[Records from a dataset]
○ ○ ○ ○ ○ ○ ○

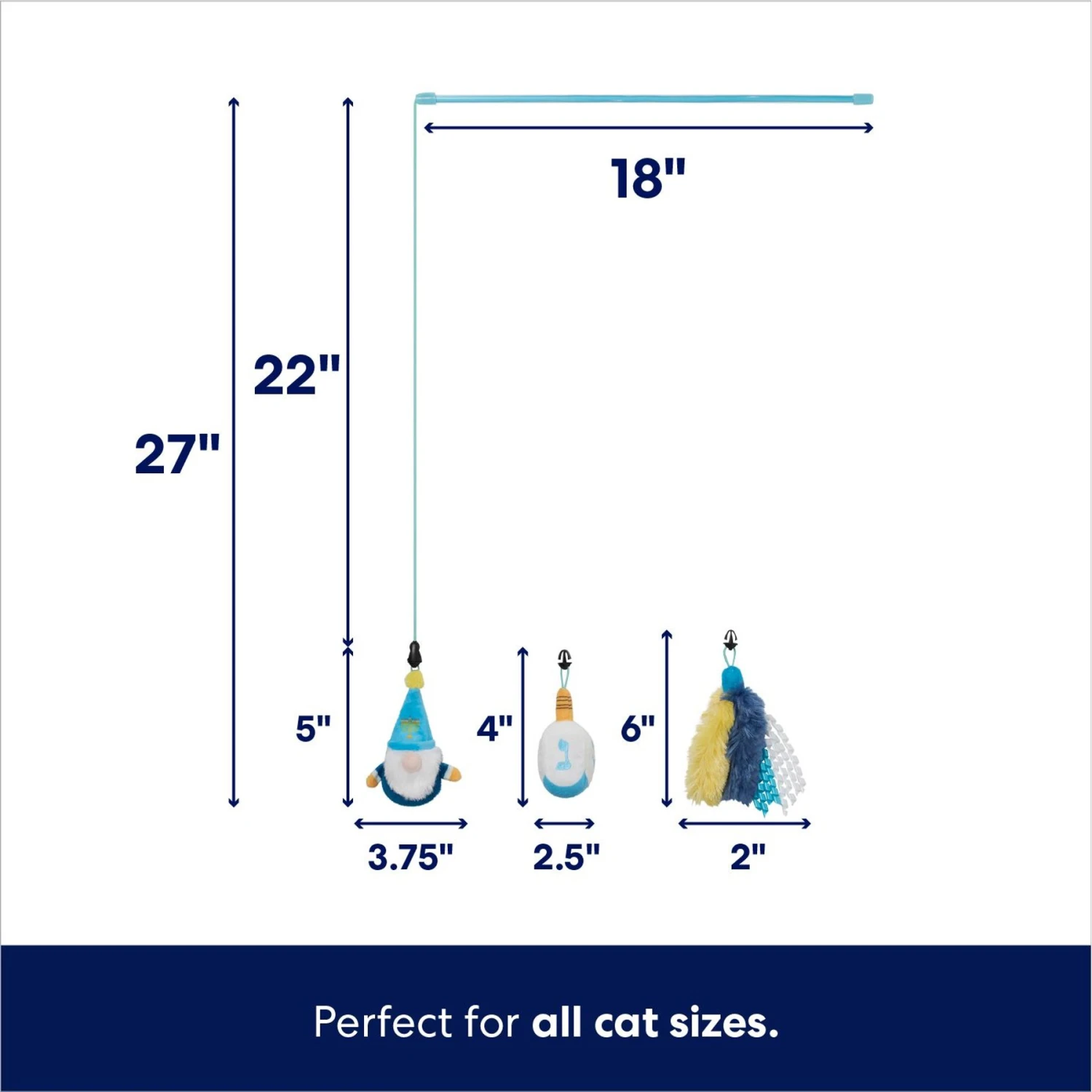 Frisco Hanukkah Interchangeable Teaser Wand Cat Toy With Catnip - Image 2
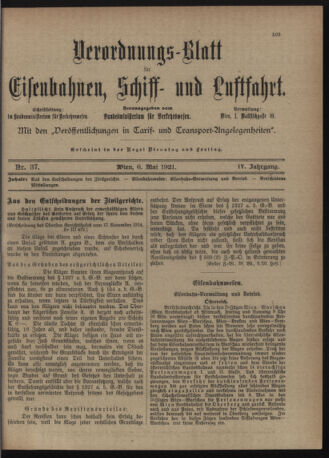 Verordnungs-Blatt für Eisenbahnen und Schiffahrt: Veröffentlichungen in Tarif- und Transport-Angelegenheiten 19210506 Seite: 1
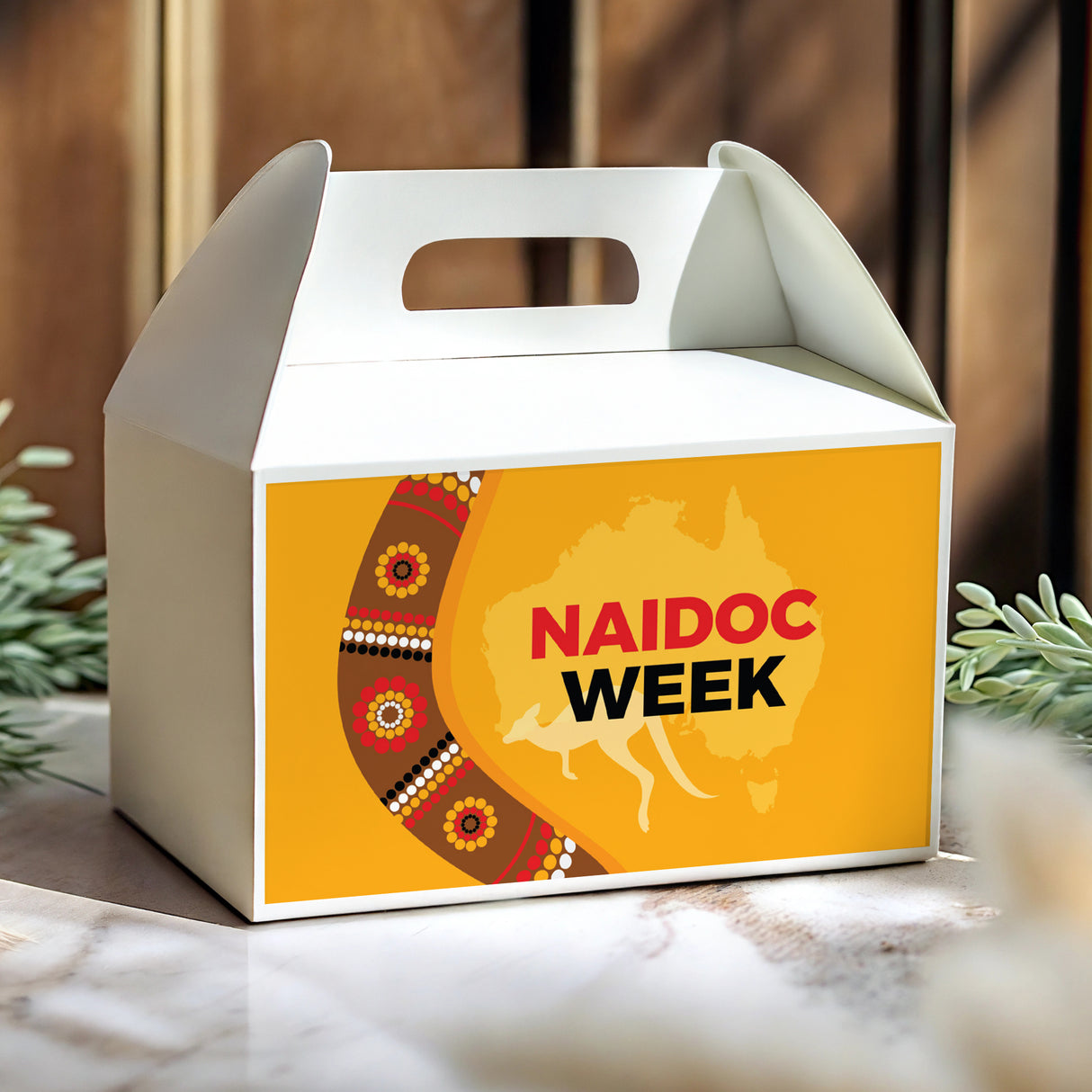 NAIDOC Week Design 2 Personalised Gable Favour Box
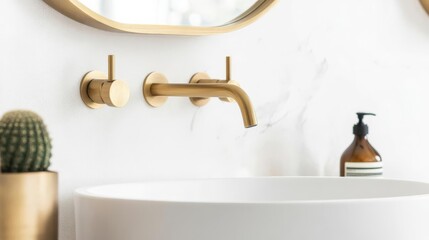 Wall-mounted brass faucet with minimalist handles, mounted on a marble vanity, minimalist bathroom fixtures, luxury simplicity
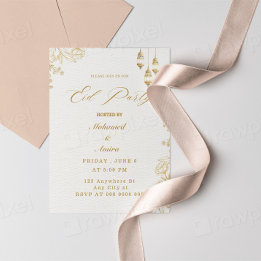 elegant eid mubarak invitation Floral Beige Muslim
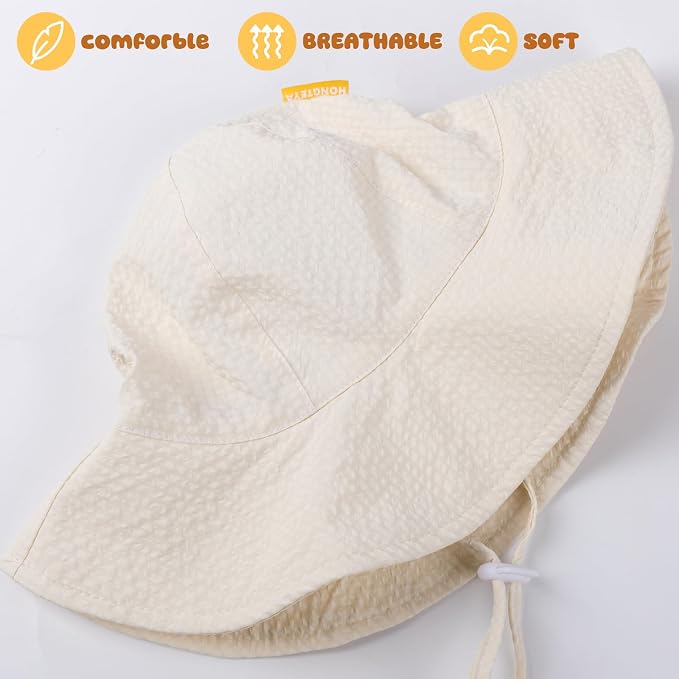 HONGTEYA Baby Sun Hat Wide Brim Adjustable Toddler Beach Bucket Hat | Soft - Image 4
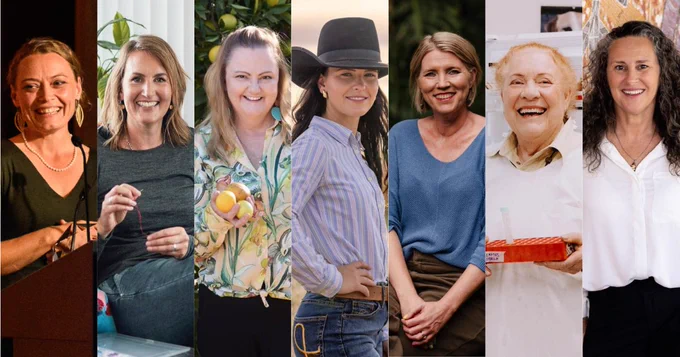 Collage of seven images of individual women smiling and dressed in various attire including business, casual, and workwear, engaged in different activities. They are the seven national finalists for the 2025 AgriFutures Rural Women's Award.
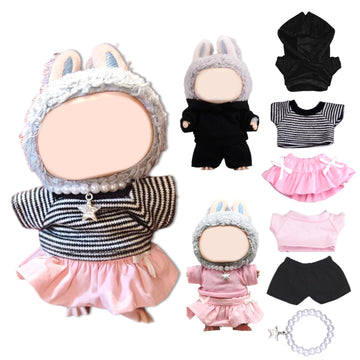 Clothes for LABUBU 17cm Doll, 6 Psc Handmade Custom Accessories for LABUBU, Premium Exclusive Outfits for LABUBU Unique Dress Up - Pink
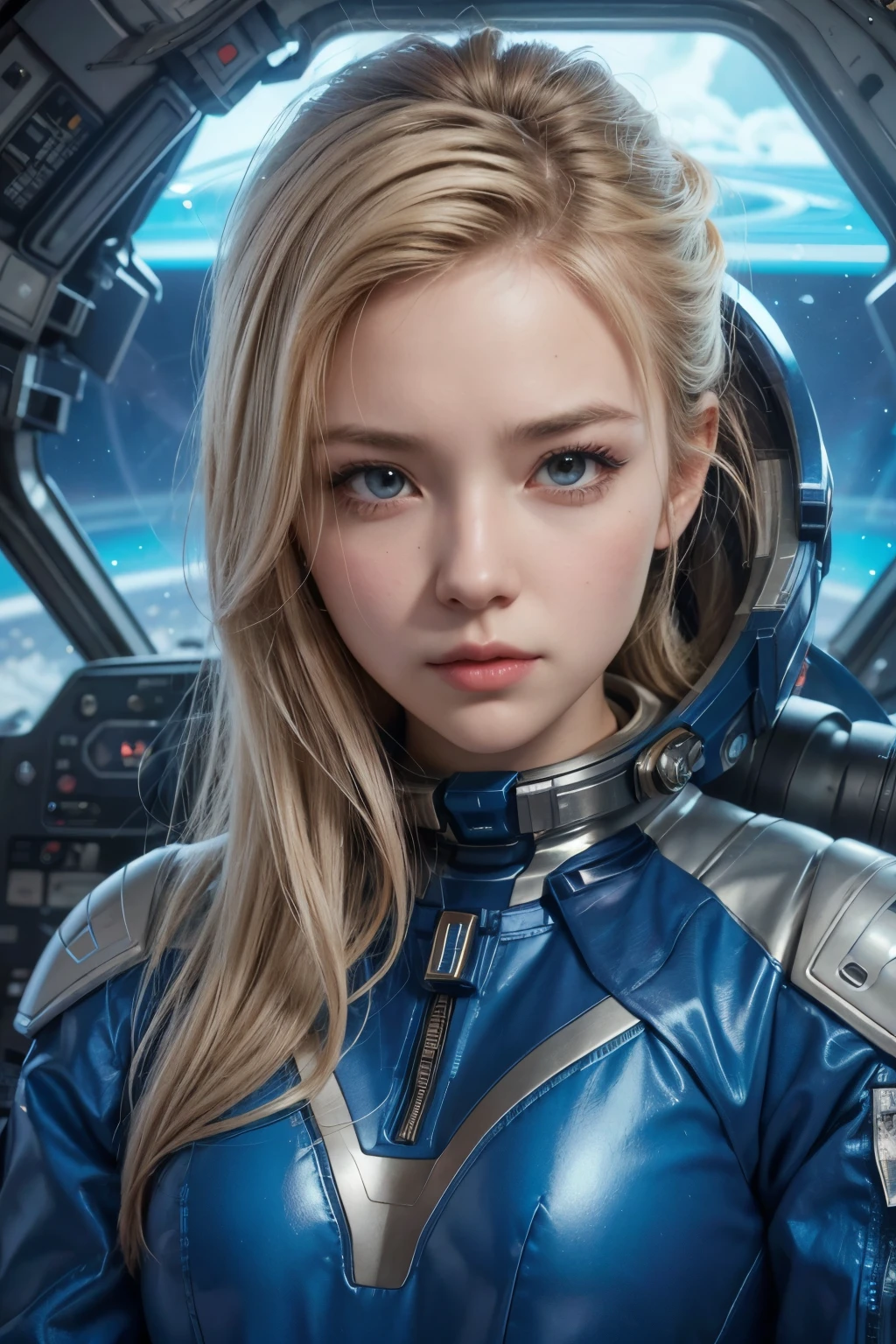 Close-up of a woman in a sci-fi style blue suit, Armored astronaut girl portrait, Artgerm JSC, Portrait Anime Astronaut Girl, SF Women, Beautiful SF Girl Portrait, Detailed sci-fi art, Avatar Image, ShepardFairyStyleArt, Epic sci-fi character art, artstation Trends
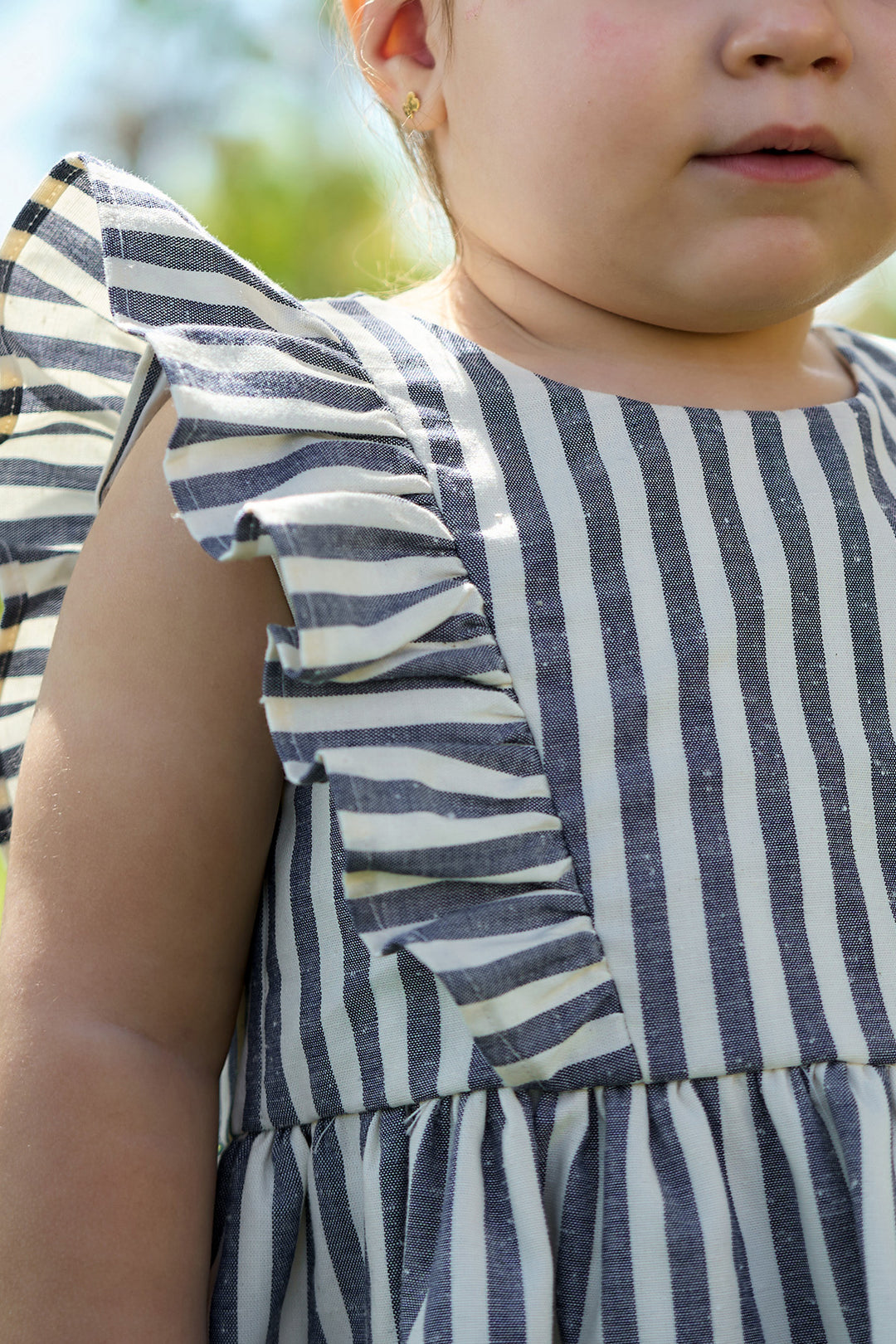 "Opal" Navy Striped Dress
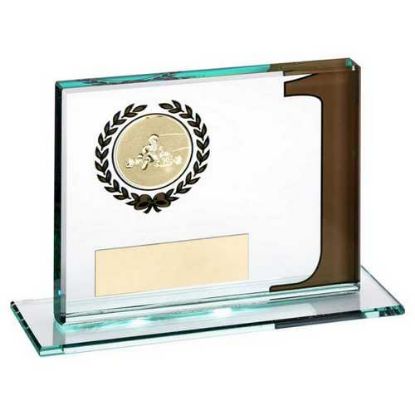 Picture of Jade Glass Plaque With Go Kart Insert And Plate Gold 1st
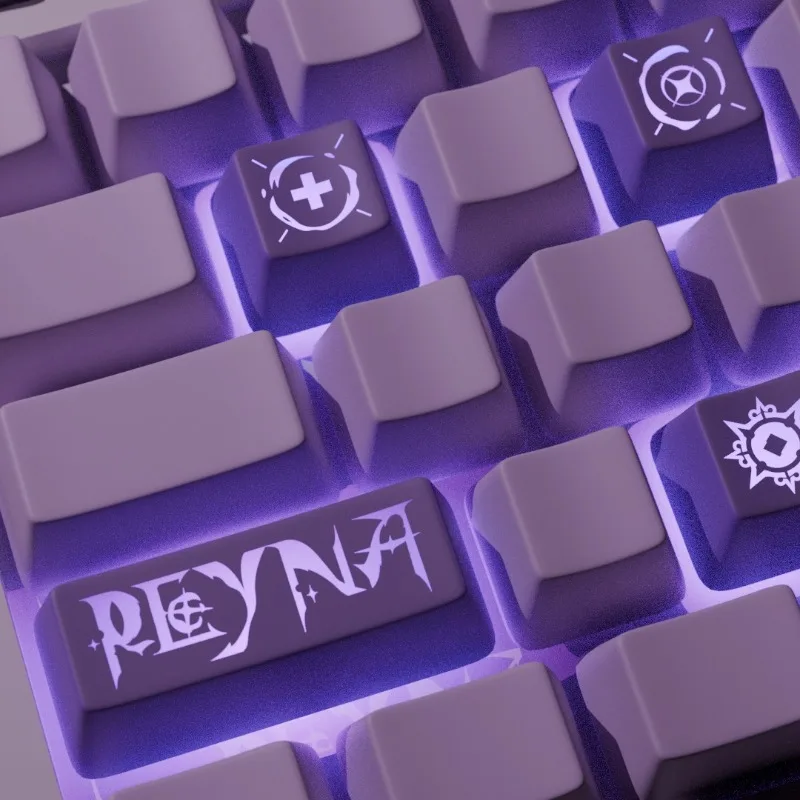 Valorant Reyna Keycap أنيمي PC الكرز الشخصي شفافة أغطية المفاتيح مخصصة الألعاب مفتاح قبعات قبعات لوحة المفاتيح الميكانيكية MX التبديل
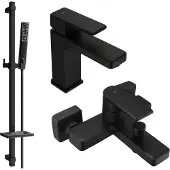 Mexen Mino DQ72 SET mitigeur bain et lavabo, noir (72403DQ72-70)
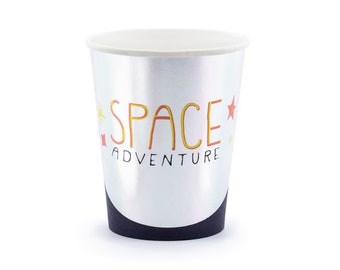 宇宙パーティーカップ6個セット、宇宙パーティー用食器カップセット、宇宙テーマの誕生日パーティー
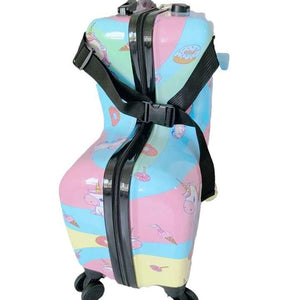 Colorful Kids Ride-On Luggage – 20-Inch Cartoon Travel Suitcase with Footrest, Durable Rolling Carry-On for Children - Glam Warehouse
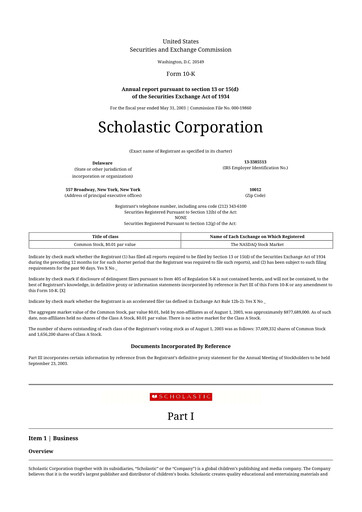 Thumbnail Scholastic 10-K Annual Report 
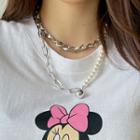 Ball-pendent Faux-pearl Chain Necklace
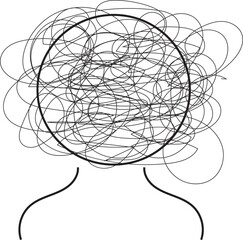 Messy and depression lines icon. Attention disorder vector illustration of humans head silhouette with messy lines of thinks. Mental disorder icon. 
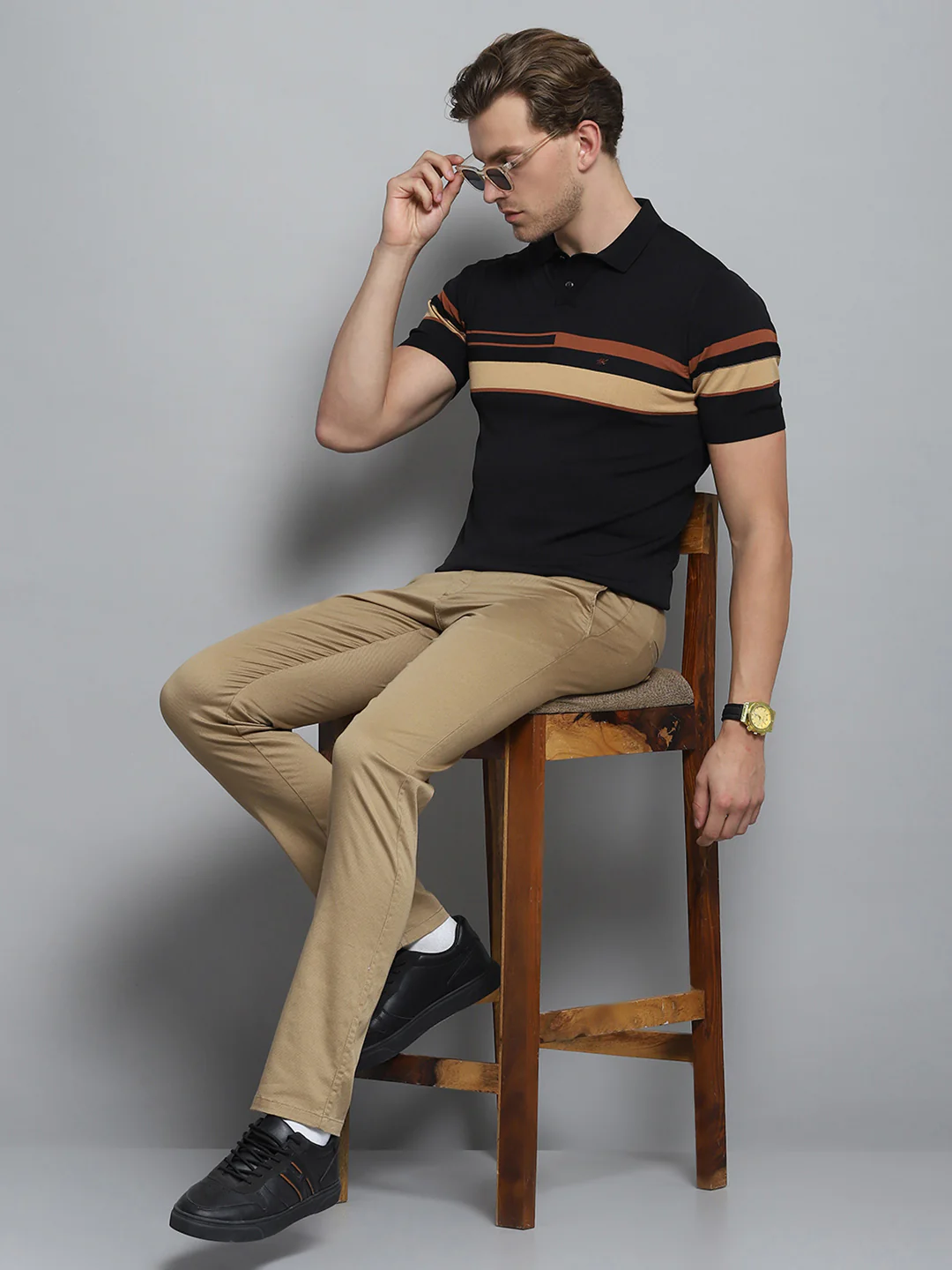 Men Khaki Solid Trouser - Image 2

○ ○ ○ ○ ○ ○ ○

• [Exercise description] Your copy of the data should match it exactly, apart from the images, which are omitted.

• [Expected answer]
 Frisco Hanukkah Interchangeable Teaser Wand Cat Toy With Catnip - Image 2
 Verordnungs-Blatt für Eisenbahnen und Schiffahrt: Veröffentlichungen in Tarif- und Transport-Angelegenheiten 19210506 Seite: 1
 NAIDOC Week Design 2 Personalised Gable Favour Box
 Wall-mounted brass faucet with minimalist handles, mounted on a marble vanity, minimalist bathroom fixtures, luxury simplicity
 elegant eid mubarak invitation Floral Beige Muslim
 HONGTEYA Baby Sun Hat Wide Brim Adjustable Toddler Beach Bucket Hat | Soft - Image 4
 Collage of seven images of individual women smiling and dressed in various attire including business, casual, and workwear, engaged in different activities. They are the seven national finalists for the 2025 AgriFutures Rural Women's Award.
 Clothes for LABUBU 17cm Doll, 6 Psc Handmade Custom Accessories for LABUBU, Premium Exclusive Outfits for LABUBU Unique Dress Up - Pink
 Close-up of a woman in a sci-fi style blue suit, Armored astronaut girl portrait, Artgerm JSC, Portrait Anime Astronaut Girl, SF Women, Beautiful SF Girl Portrait, Detailed sci-fi art, Avatar Image, ShepardFairyStyleArt, Epic sci-fi character art, artstation Trends
 "Opal" Navy Striped Dress
 Picture of Jade Glass Plaque With Go Kart Insert And Plate Gold 1st
 Valorant Reyna Keycap أنيمي PC الكرز الشخصي شفافة أغطية المفاتيح مخصصة الألعاب مفتاح قبعات قبعات لوحة المفاتيح الميكانيكية MX التبديل
 Mexen Mino DQ72 SET mitigeur bain et lavabo, noir (72403DQ72-70)
 宇宙パーティーカップ6個セット、宇宙パーティー用食器カップセット、宇宙テーマの誕生日パーティー
 Colorful Kids Ride-On Luggage – 20-Inch Cartoon Travel Suitcase with Footrest, Durable Rolling Carry-On for Children - Glam Warehouse
 Thumbnail Scholastic 10-K Annual Report 
 Ball-pendent Faux-pearl Chain Necklace
 Messy and depression lines icon. Attention disorder vector illustration of humans head silhouette with messy lines of thinks. Mental disorder icon. 
 Men Khaki Solid Trouser - Image 2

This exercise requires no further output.